Of course I understood growth would be impacted, I stated as such in my post. My point was that throwing someone else's money into the economy whilst it's already growing quite substantially in order to artificially inflate GDP growth further isn't a good idea . If spending was tied to around 34% of GDP then yes we'd have had slower GDP growth, but that wouldn't have been a bad thing. If you look at GDP growth 1998 and 1999 whilst our spending was around 34% of GDP we were still growing at a not too shabby 4.5 - 5% per annum; of course this isn't as aggressive as the 6% we were experiencing in 2005-06, but again I disagree that 6% GDP growth is a good thing on the back of spending someone else's money.
You're also looking at one year in isolation (2007) where the spend to GDP ballooned to 39% despite already large GDP growth. If you look at for example 2001 the spend to GDP was 34.5%, sticking to 34% would have been a reduction in spend of under £6b and essentially no surplus, with an increase of a still healthy more than 4% year on year. Likewise you're ignoring that the reduction in non-productive interest due to lower gross debt would have be invested in the economy and been productive which would mitigate some of the difference.

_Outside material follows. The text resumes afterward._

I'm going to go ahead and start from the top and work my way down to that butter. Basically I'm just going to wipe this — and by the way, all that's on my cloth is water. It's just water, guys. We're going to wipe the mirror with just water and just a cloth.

I wasn't reasoning backwards... I was looking at the reasonable spend to GDP we had in 1998 - 2000 (34.4%, 33.9%, 34.6%), along with the 4-5% GDP growth we were experiencing at that time and looking at a scenario where we maintained spend to GDP , rather than allowing it to balloon to 39+% in order to artificially inflate economic growth by 5.5% - 6% GDP growth. The fact that there was a budget surplus of £15.7b in 2000 shows that this kind of surplus is comfortably achievable and could have been achievable for the following 7 years if spending increased in line with tax receipts (I'd argue this could have easily increased in line with GDP).

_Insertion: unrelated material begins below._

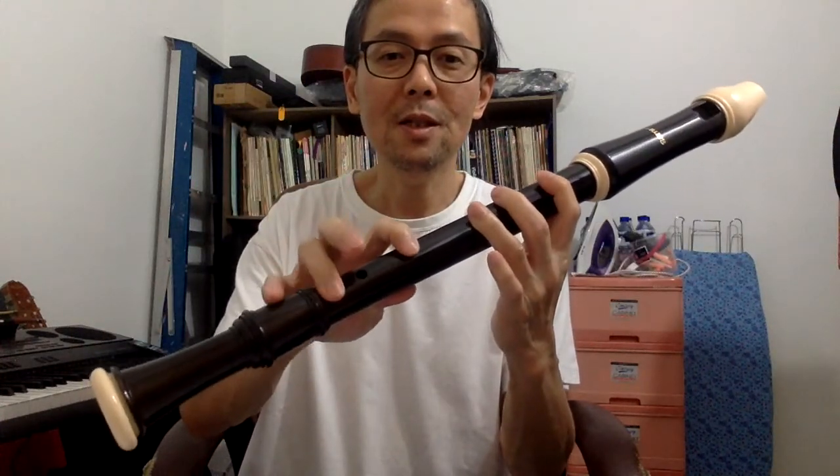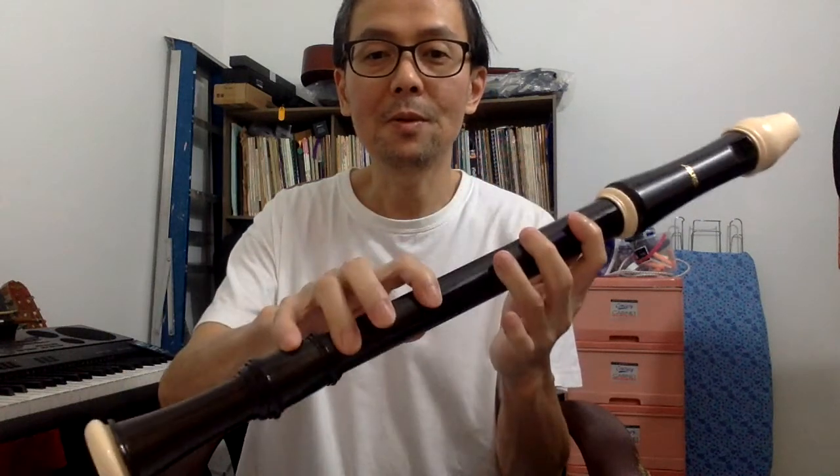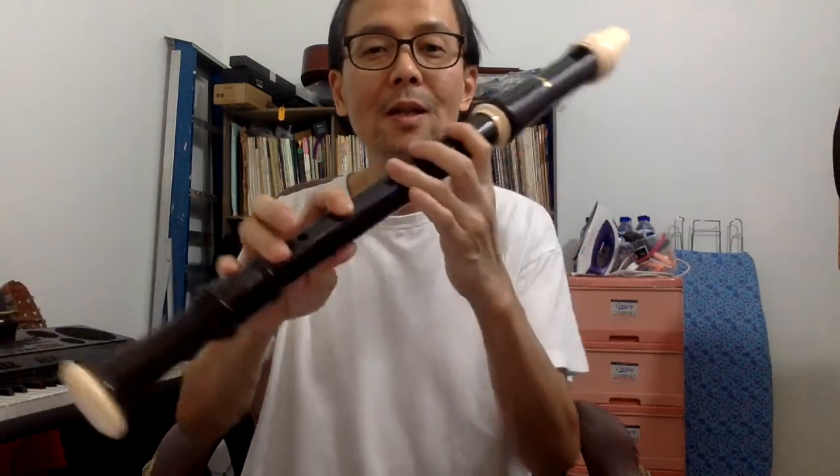close the fourth, six and seven holes like this, using the first, third and fourth finger. This is the low F.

It's also worth reiterating that the increase in spend wasn't productive during this period due to government spending money without rhyme or reason, so it wouldn't have a linear effect on GDP growth. Some of this spend went directly into the pockets of CEO's who ripped off government and took this out of the economy (the shareholders of my business did exactly this, inflating public sector contracts by up to 25% during this period).
The difference between your £5b surplus in 2007 which equates to a spending reduction of £50b and my figure of £50b surplus or spending reduction of £95b (plus economic reduction) though is something we'll have to split down the middle at around £27.5b surplus... or agree to disagree!
Can you name a country on that list that doesn't either a) have no public debt or interest payments to make (or even large sovereign wealth funds and therefore large net receipts) due to previous frugality; or b) huge debts combined with monumental black holes in their finances (pension, current deficits, student debts, health black holes etc).
Using the examples of the majority of those countries who are massively up shit creek due to huge governmental mismanagement and are putting their abject failures over the last 2 decades onto their children and their children's children as evidence is strange. How about Ireland as a much better example:
2010 spend to GDP - 65.1%
2010 GDP - $222b
2010 Debt % GDP - 86%
2010 Deficit - £32.1b
2018 spend to GDP - 25.7%
2018 GDP - $334b
2018 Debt % GDP - 63.6%
2018 Surplus - £0.1b
In 2010 Ireland had a greater deficit to GDP ratio, a much larger debt to GDP and a much higher spend to GDP than the UK. They now have a budget surplus, much lower debt to GDP and much lower spend to GDP.